For NeMo Relay adaptive execution middleware, see
[`plugins/observability/nemo_relay/README.md`](../../plugins/observability/nemo_relay/README.md).
## Safety Notes
- Middleware should be deterministic for the same input unless it is explicitly
routing to a dynamic external system.
- Request middleware should return complete replacement payloads, not partial
patches.
- Execution middleware should call `next_call(...)` exactly once unless it is
intentionally short-circuiting execution.

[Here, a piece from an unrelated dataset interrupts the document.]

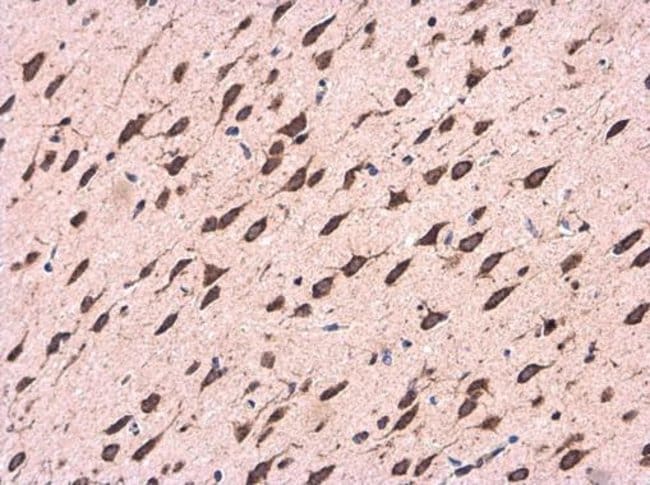 Anti-CDK5RAP1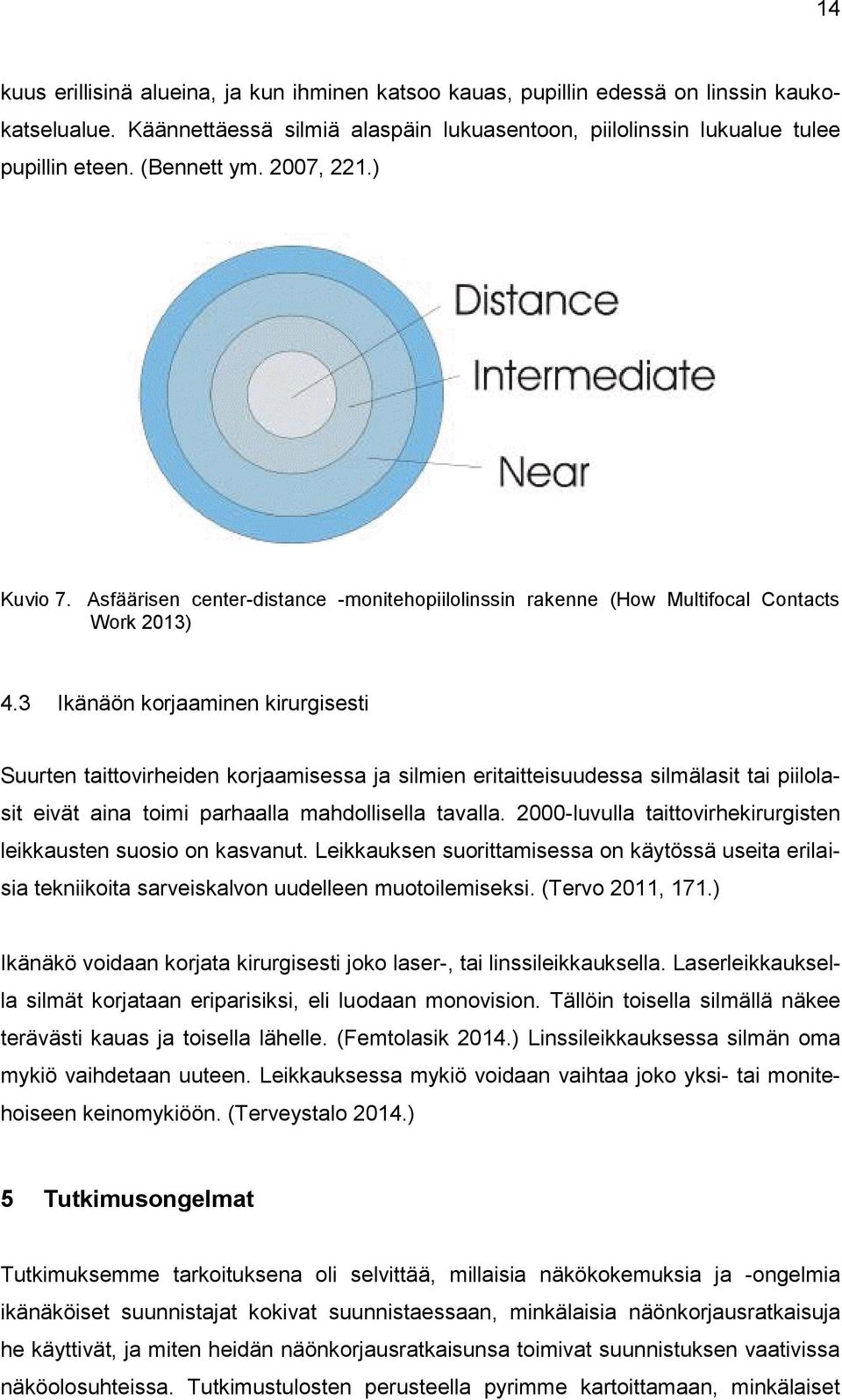 3 Ikänäön korjaaminen kirurgisesti Suurten taittovirheiden korjaamisessa ja silmien eritaitteisuudessa silmälasit tai piilolasit eivät aina toimi parhaalla mahdollisella tavalla.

- If execution middleware raises before calling `next_call(...)`, Hermes treats
that as middleware failure and continues with the remaining middleware chain
and base execution.
- If execution middleware calls `next_call(...)` successfully and then raises
during post-processing, Hermes preserves the downstream result and does not
run the provider or tool a second time.
- If downstream provider or tool execution fails, middleware may let that error
propagate or translate it deliberately. Hermes does not convert downstream
failure into a successful `None` result.
- Tool request middleware runs before approvals. If it mutates file paths,
commands, URLs, or arguments, the mutated values are what guardrails and
approvals evaluate.
- Observer hooks remain the right place for read-only telemetry. Use middleware
only when a plugin needs to alter or wrap behavior.